US dollar slightly higher on risk aversion
After some significant moves on Tuesday, currency markets had a more consolidative look about them overnight, although the US dollar continued grinding higher. The dollar index rose 0.21% to 92.52 and is now testing its 200-DMA, signalling further potential gains to 93.00 initially.
Amongst the majors, the British pound continues to suffer AstraZeneca fallout, slipping 0.47% to 1.3700 as of this morning. It targets 1.3600 initially, and if EUR/USD fails at 1.1800, its next target will be 1.1600 in the week ahead. The AUD/USD has closed below its 100-DMA, at 0.7608 today, adding another bearish headline to a cloudy technical picture. Likewise, NZD/USD closed under important support at 0.7000 and faces more losses to 0.6800 in the near-term.
The PBOC has set the USD/CNY fix slightly higher at 6.5282 today, and the CNY continues to outperform relative to the G-10 currencies. That has spared the rest of Asia’s blushes, although regional Asian currencies retreated overnight versus the greenback and have eased again today. USD/IDR is approaching 14,500.00, and a rise through that level will weigh on Indonesian assets and almost certainly spur intervention by the central bank. USD/THB is also on the move and faces a test of significant resistance around 6.5500, but the rest of Asia is content to track the CNY, with the Indian rupee showing surprising strength. The Philippine peso may face renewed selling pressure if, as expected, the central bank leaves rates unchanged at 2.0% this afternoon.

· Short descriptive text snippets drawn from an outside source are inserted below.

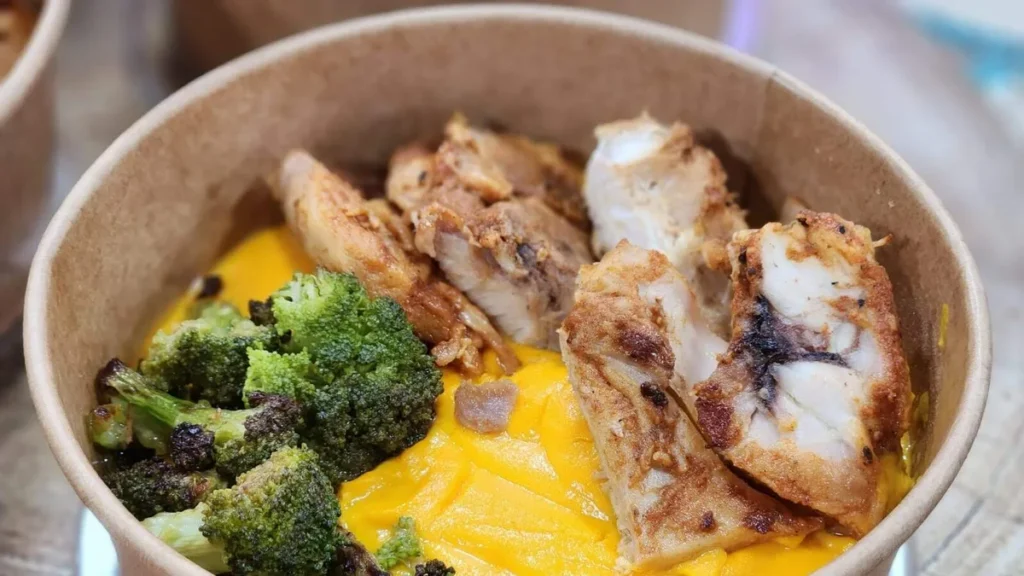 Imagem frango assado com brocolis pure de cenoura do artigo Frango Aassado com Brócolis e Purê de Cenoura - Santa Receita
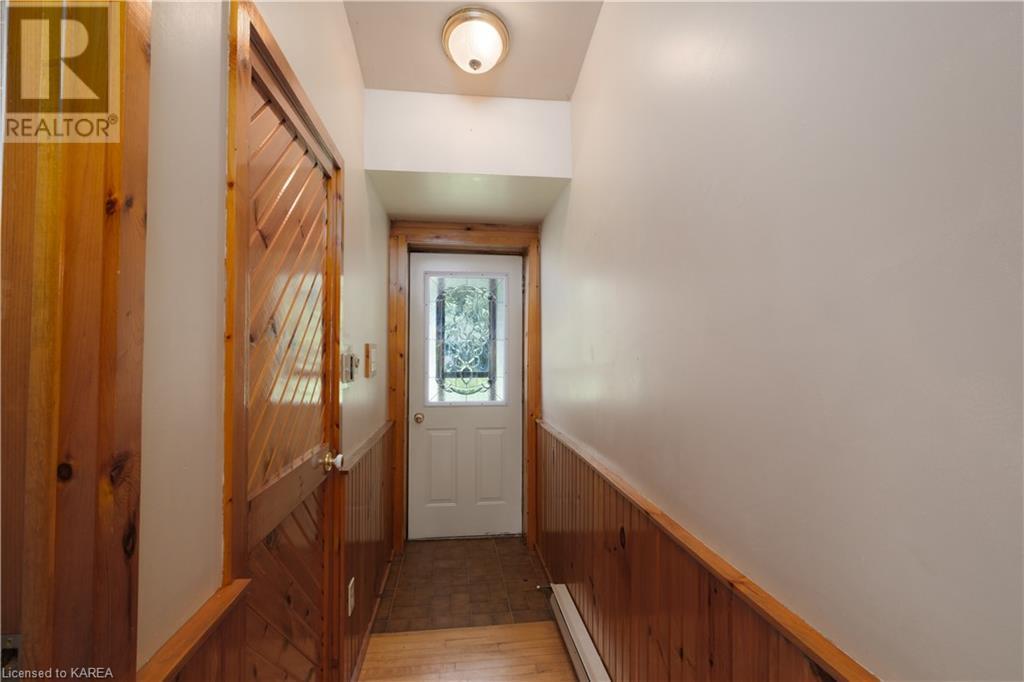 851 RIDEAUWOOD Lane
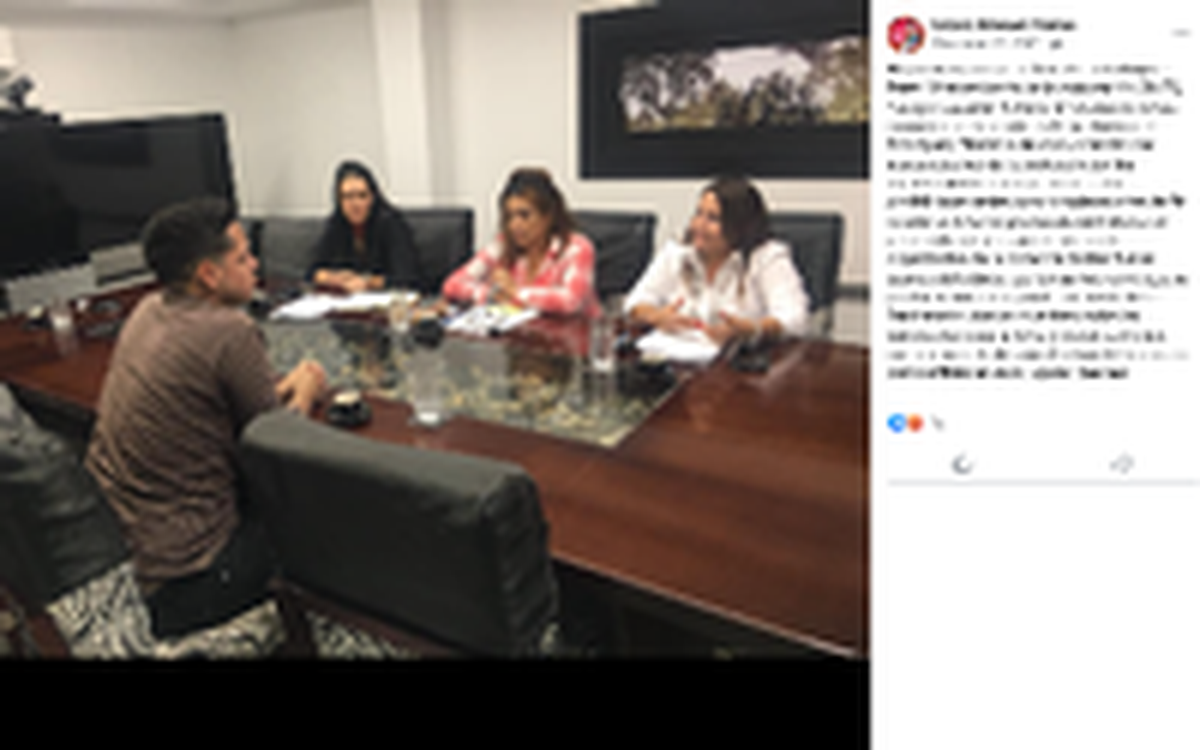 La vicepresidenta de Cimex, Diana Rosa Rodríguez Pérez (primera derecha), y otros dos funcionarios de Cimex en una reunión de diciembre de 2022.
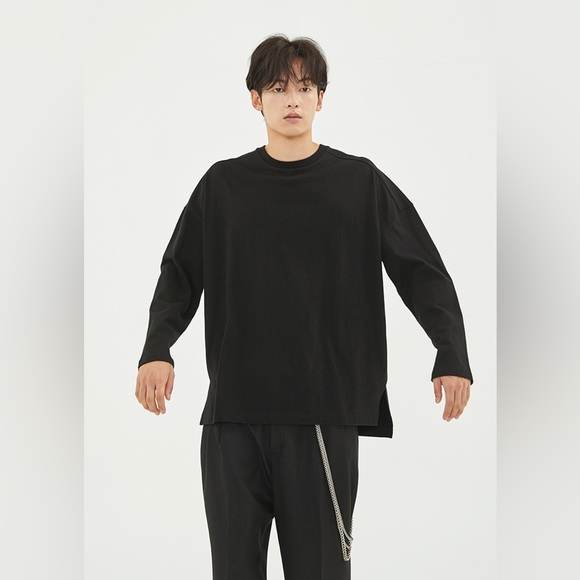 Basic Sweatshirt Unisex by Korean brand Romantic Pirates - Picture 9 of 13
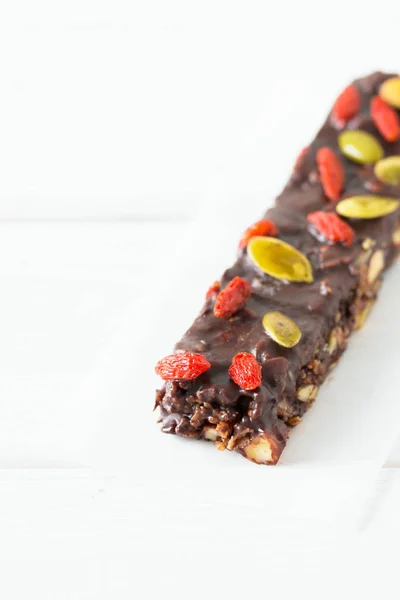 Vegan Coklat Batangan Dengan Granola Kacang Kacangan Labu Goji Berry — Stok Foto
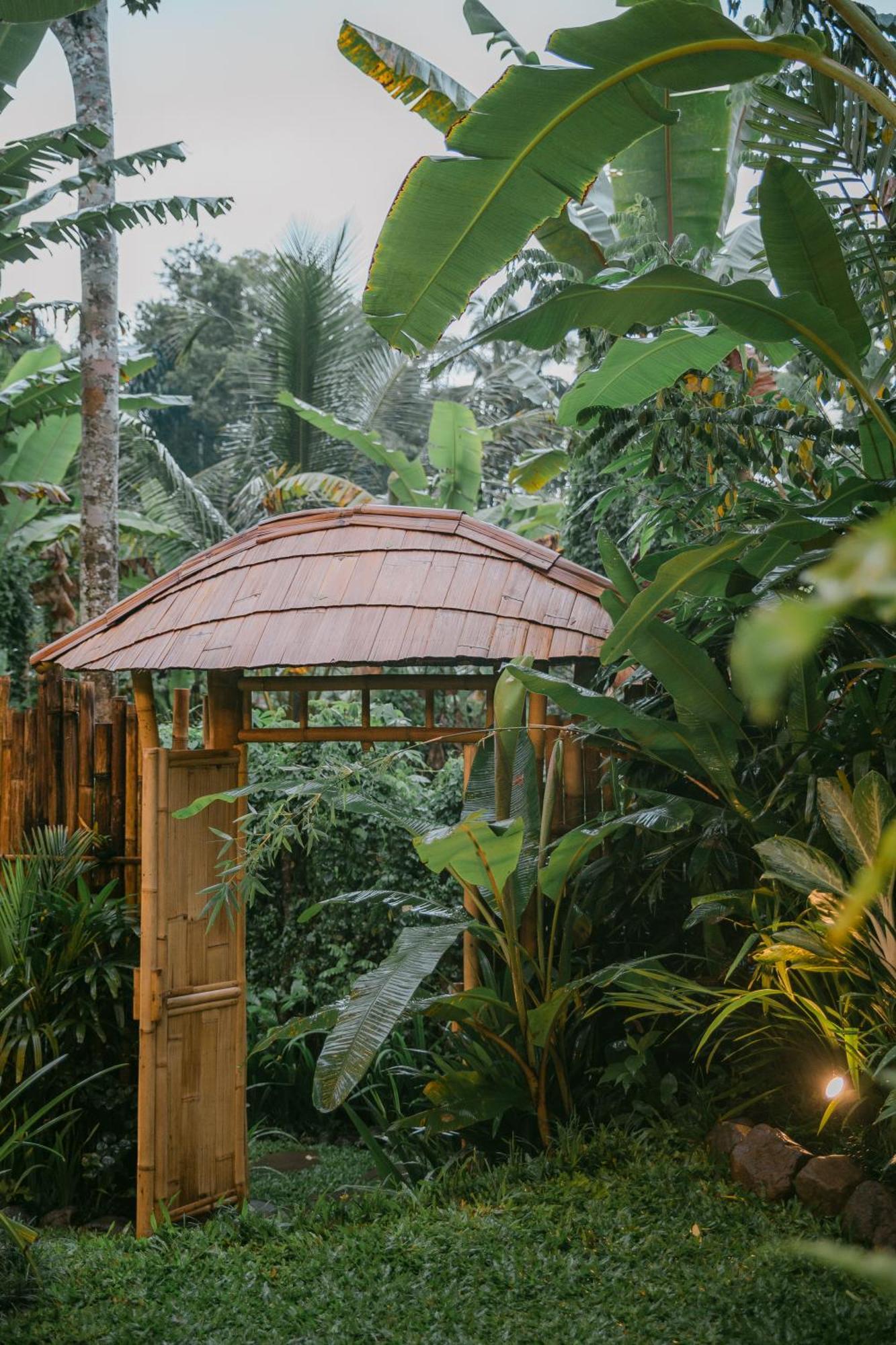 Alamvaya Bali Bamboo House Villa Сидемен Екстериор снимка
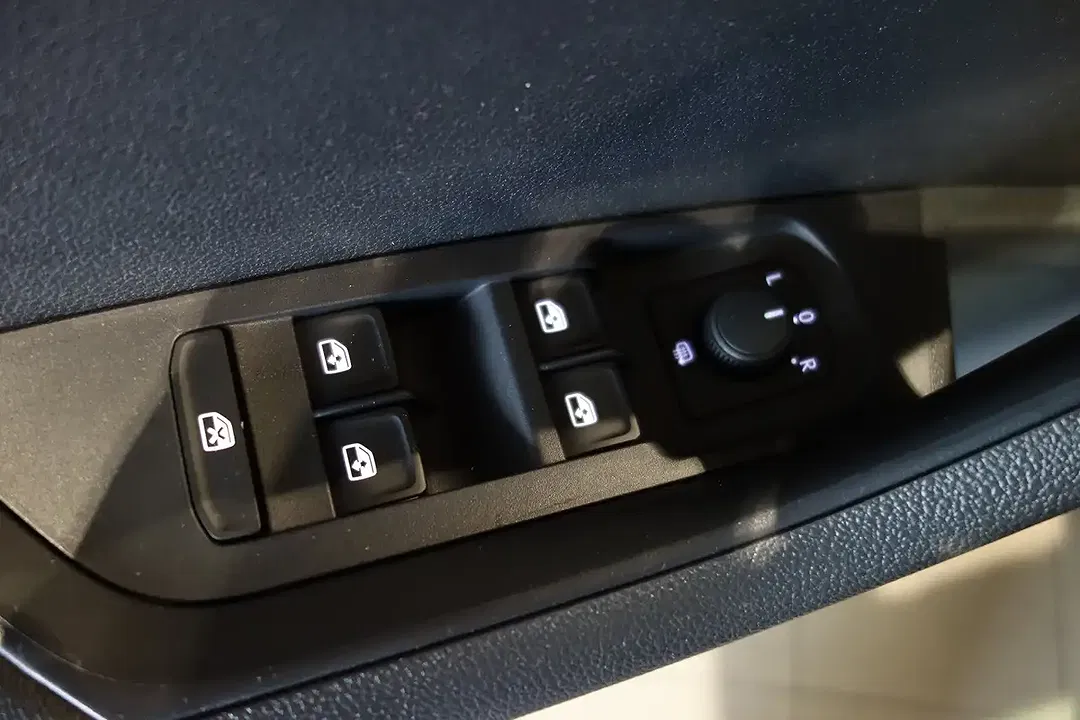 Skoda Karoq TSI - Thumbnail 6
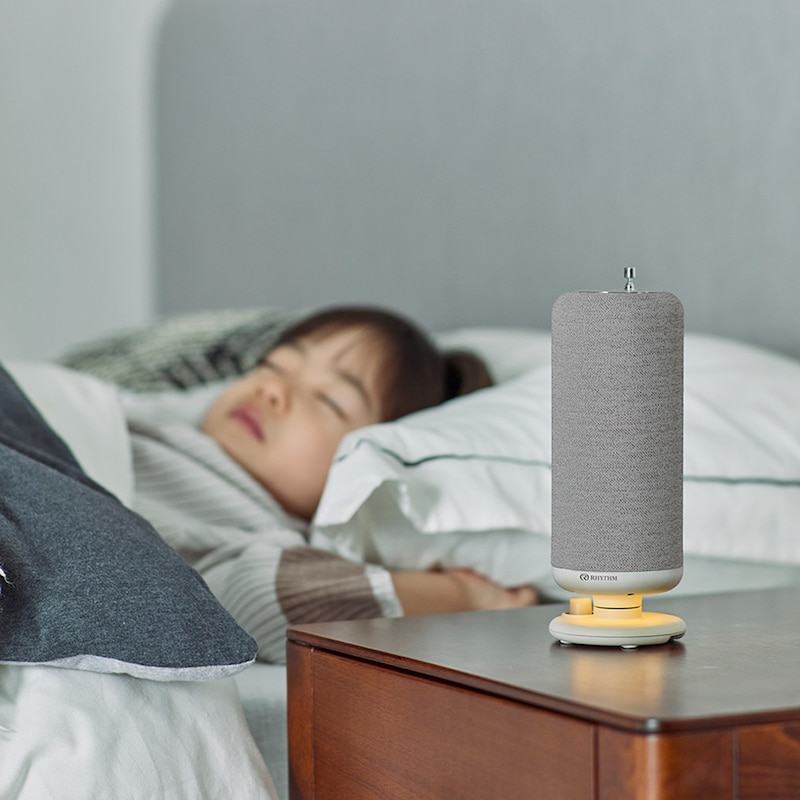 ベッドサイドにライトとして常備しておくのもおすすめです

Although Asian EM is holding up well in the face of dollar strength, a move hires in bond yields next week after President Biden releases his infrastructure package details will ramp up the pressure on local currencies.
The US dollar strength in general, coming even as US yields ease lower, is indicative of safe-haven flows and reflects a nervousness in international markets that is not yet wholly apparent in other asset classes.